Heidi sighed. She flicked on her desk lamp and fished a slinky gold watch from the top drawer. She spun the diamond-encrusted face toward her. The watch had been a gift, delivered to her care at the concierge desk of the Montauk Inn where she'd been employed the summer she met Roland Gibbons. It was a replacement for a less elegant timepiece she had left behind in Roland's room the previous evening, before they went to the party that would change her life forever. Roland could not tolerate ugly things. And so he'd tossed the other watch and sent this beautiful trinket, a gift and also an upgrade, the next step in his Heidi improvement plan. She hadn't minded. At the time, she thought the watch was the most beautiful thing she had ever seen—certainly the most beautiful thing she had ever owned.

Three a.m.
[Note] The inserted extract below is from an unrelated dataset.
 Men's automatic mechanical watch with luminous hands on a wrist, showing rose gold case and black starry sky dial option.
Heidi dropped the watch back in the drawer and slammed it shut. Her dad would be getting up soon to make his shift. She imagined him waking up next to her mother in the old wooden bed under the cross. Roland had everything and acted like he got a bad draw, but Heidi's father was content with the nothing he had. He liked to sit at the bar in O'Keefe's with a seltzer—he'd given up drinking around the time that Heidi was born, but sitting around a bar is what guys like Heidi's father did with his friends, so that's what he did. He sat with his seltzer and told funny stories about his life and the life of his family, stories that were true, or true-ish, or could be claimed as true by someone like Brian Whelan, a guy with the gift of blarney.

He was always so proud of her. Every time she brought home a report card, he carried it with him to work. “The beauty she gets from her mother, I had nothing to do with that. But smart! Smart like her old man,” he would say.
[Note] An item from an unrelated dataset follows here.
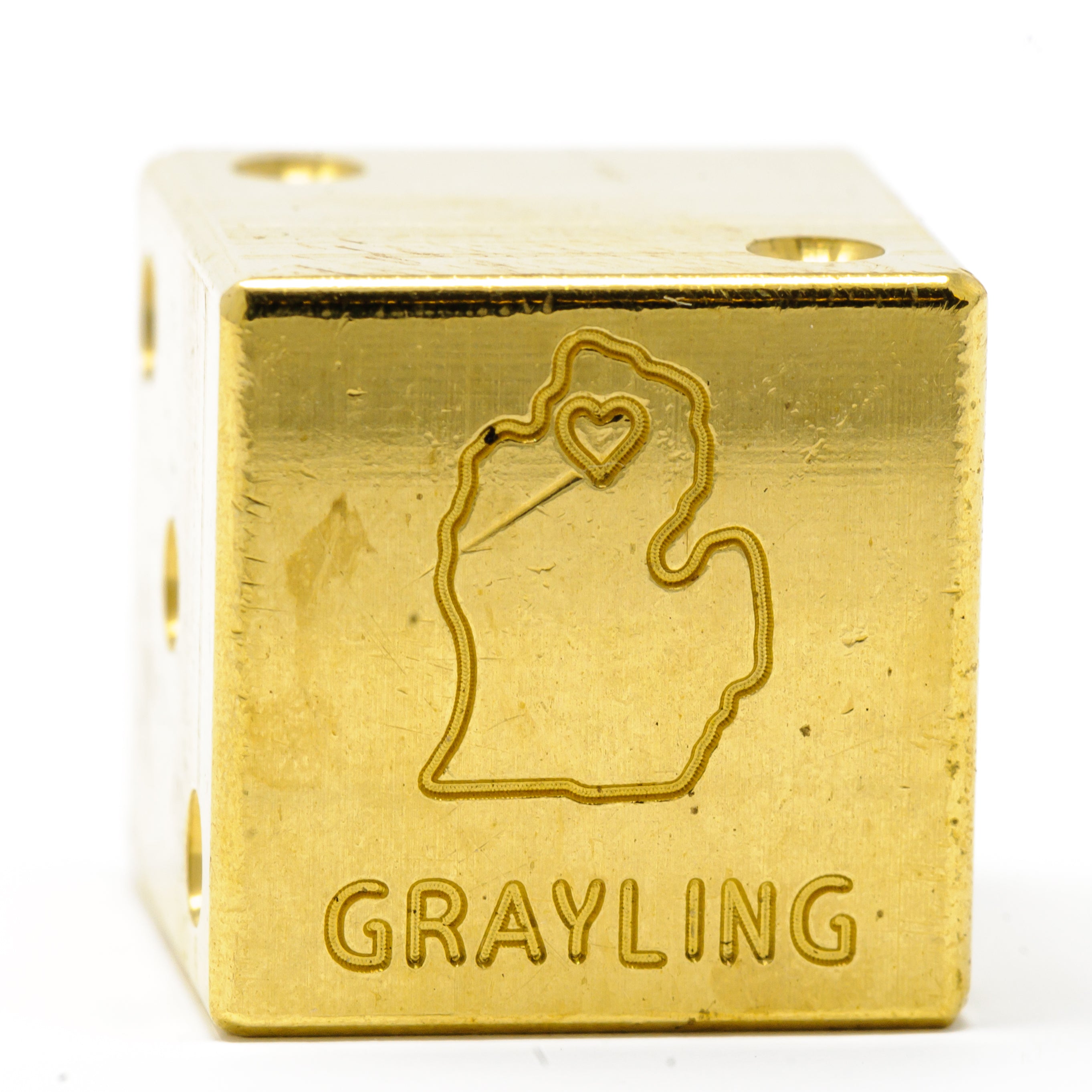 Image of Grayling, Michigan Solid Brass Die – Michigan Mitten Souvenir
“I'm proud of you, honey,” he said when she told him about working at the Montauk Inn for the summer. Wide-palmed, he clapped her on the back. “She's gonna go out to the Hamptons and schmooze with the hoity-toits this summer,” he'd told the guys at O'Keefe's when she came by to get him for dinner. “Pretty soon you're gonna be too big for us, here.” But that's what he wanted, wasn't it? He couldn't have wanted her to stay in Yonkers forever.

“You gotta be the first one there,” he said when he presented her with the watch from Macy's. It had a white face and a black leather band. “Every time. Don't let nobody get there before you do. Get there early and get a lay of the land, like. Know what you're up against.” She said she would do it, whatever he said, whatever it took. Her father had lived through enough disappointments. She vowed not to be one of them.

In the darkness of the sleeping campus, Heidi grieved for her father's lost watch, tossed into the wastebasket for the hotel maid by a spoiled playboy. She would give anything to have it again. Sometimes she felt the shame inside her might swallow her up.